Crawled caption data
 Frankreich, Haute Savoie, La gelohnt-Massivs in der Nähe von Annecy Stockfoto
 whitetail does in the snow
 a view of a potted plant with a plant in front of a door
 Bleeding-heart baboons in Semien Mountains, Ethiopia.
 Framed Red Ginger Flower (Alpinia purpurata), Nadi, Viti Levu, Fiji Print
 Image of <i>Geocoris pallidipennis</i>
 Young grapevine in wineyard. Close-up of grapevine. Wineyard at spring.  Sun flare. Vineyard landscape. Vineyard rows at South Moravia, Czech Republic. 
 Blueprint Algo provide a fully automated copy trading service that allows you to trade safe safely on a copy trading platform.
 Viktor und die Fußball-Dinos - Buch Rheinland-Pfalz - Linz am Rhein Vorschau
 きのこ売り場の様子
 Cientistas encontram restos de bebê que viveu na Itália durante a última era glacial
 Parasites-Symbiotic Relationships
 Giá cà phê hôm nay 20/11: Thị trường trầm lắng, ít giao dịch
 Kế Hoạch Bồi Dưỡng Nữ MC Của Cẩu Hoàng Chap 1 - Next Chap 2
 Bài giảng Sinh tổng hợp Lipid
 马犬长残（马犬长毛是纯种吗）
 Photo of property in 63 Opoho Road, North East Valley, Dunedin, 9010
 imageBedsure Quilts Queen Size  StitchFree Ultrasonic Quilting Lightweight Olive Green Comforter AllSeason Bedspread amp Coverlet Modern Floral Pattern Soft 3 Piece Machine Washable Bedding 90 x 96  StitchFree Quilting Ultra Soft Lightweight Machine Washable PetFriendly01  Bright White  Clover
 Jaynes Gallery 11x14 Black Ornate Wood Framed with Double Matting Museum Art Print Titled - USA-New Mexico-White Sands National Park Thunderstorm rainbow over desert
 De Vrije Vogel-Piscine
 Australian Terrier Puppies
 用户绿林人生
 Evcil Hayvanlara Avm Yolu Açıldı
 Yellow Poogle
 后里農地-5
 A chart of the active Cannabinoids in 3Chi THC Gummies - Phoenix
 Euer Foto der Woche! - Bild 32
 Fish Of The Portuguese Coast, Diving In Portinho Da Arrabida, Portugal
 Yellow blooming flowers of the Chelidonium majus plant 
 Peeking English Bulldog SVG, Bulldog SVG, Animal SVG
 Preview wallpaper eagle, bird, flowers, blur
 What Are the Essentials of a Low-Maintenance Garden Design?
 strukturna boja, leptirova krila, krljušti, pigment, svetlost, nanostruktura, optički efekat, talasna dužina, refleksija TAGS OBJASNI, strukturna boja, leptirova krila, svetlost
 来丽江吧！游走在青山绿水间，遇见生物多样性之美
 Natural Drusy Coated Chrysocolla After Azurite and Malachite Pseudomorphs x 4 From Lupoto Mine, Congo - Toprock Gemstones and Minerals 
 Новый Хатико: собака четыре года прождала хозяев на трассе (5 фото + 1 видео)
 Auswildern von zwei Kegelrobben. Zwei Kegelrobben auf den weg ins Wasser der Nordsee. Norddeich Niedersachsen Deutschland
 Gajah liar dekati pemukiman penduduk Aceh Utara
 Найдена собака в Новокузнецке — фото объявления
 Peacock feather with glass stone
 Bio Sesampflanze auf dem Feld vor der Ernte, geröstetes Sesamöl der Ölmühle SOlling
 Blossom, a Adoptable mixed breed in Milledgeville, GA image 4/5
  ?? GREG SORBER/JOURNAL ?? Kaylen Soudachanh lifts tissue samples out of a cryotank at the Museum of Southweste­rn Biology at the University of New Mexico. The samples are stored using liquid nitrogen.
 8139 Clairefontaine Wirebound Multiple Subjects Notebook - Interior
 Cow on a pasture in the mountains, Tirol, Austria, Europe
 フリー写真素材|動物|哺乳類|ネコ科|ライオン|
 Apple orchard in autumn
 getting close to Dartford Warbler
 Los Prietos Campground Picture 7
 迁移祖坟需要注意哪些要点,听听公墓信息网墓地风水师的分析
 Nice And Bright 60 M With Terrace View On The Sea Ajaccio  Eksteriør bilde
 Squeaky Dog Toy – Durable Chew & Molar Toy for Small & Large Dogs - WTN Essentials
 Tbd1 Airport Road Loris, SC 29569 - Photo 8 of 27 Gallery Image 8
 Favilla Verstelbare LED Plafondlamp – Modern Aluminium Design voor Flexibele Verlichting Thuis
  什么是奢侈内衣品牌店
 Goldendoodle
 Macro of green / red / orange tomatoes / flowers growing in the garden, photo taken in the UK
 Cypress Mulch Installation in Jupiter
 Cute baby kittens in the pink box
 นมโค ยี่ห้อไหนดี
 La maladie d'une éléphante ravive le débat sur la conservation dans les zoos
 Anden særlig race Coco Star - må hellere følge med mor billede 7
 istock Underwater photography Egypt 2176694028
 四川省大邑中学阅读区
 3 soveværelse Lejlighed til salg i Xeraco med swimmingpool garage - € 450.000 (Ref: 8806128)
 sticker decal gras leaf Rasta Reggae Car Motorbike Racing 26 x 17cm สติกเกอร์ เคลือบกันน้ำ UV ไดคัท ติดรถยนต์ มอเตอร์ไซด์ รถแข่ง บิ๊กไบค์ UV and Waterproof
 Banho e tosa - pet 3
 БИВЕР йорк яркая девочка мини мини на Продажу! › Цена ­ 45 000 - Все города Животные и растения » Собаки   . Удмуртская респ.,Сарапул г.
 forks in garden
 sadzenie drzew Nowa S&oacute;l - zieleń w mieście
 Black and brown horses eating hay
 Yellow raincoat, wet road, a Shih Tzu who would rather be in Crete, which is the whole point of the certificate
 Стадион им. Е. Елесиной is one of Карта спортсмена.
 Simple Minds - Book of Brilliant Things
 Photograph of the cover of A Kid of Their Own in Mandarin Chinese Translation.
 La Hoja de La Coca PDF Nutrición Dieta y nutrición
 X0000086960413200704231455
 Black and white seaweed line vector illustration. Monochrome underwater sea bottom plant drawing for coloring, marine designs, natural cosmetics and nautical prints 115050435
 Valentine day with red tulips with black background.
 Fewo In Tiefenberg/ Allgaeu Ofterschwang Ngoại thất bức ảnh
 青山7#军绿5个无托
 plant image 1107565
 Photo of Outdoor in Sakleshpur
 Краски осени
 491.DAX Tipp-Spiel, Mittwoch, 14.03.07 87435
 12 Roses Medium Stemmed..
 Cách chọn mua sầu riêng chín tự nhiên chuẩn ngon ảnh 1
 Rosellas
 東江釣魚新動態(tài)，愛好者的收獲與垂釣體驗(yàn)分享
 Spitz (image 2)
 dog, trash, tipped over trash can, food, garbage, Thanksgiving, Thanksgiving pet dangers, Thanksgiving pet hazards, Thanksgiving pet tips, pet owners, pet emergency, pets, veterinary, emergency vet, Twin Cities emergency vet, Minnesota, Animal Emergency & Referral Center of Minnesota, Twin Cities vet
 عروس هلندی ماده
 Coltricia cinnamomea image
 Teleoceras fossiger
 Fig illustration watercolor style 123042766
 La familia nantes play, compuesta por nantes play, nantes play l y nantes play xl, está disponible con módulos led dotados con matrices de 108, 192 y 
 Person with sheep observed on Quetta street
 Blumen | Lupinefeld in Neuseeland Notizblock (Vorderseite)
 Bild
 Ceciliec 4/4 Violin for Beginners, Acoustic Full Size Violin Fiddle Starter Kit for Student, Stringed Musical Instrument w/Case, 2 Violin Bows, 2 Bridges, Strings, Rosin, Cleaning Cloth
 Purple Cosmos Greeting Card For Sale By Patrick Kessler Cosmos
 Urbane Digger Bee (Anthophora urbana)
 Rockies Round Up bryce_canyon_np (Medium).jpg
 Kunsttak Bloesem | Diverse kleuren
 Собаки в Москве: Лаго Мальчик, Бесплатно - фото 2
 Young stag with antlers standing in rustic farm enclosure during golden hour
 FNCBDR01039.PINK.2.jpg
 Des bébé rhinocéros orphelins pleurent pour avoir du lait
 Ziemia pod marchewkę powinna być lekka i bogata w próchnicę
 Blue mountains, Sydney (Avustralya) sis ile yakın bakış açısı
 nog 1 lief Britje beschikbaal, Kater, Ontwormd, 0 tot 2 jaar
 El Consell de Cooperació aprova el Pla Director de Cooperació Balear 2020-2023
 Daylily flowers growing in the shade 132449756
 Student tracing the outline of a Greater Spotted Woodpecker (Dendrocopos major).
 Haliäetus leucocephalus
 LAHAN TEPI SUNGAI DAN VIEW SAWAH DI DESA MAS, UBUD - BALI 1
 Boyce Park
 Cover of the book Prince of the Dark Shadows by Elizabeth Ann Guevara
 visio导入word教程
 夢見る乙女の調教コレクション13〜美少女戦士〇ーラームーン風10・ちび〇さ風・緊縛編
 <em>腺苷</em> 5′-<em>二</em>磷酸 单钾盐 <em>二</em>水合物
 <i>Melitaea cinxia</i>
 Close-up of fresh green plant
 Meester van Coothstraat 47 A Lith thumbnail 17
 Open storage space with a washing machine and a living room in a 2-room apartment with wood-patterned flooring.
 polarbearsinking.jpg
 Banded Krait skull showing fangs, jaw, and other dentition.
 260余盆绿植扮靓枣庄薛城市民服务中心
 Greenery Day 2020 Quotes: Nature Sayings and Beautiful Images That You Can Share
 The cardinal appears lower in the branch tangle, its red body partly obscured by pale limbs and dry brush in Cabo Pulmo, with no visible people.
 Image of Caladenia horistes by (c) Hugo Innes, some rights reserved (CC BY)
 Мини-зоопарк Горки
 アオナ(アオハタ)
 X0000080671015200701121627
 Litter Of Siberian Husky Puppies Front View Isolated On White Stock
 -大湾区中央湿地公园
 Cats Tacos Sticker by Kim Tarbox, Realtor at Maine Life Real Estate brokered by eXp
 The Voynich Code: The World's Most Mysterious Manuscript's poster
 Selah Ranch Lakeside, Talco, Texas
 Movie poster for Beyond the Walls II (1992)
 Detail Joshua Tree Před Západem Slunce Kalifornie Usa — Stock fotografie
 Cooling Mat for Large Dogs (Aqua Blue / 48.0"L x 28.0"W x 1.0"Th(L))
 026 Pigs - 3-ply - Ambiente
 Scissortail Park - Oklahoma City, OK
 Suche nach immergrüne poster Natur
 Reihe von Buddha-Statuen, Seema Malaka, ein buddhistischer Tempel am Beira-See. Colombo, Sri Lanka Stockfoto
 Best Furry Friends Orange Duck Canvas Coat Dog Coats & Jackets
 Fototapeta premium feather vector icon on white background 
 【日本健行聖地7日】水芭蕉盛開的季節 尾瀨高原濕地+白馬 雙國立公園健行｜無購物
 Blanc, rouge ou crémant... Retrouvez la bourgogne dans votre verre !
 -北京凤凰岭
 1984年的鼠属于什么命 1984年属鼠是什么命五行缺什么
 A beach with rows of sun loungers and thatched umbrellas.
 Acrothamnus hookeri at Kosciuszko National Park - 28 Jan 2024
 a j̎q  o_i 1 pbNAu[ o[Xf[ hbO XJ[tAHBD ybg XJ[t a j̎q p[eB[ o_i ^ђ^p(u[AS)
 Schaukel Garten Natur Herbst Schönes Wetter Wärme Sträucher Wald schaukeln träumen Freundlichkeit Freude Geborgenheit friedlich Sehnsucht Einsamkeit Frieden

→ **YOUR OBJECTIVE**: Read through the lines above and collect those that contain the string "Framed".

→ **THE ANSWER**:
 Framed Red Ginger Flower (Alpinia purpurata), Nadi, Viti Levu, Fiji Print
 Jaynes Gallery 11x14 Black Ornate Wood Framed with Double Matting Museum Art Print Titled - USA-New Mexico-White Sands National Park Thunderstorm rainbow over desert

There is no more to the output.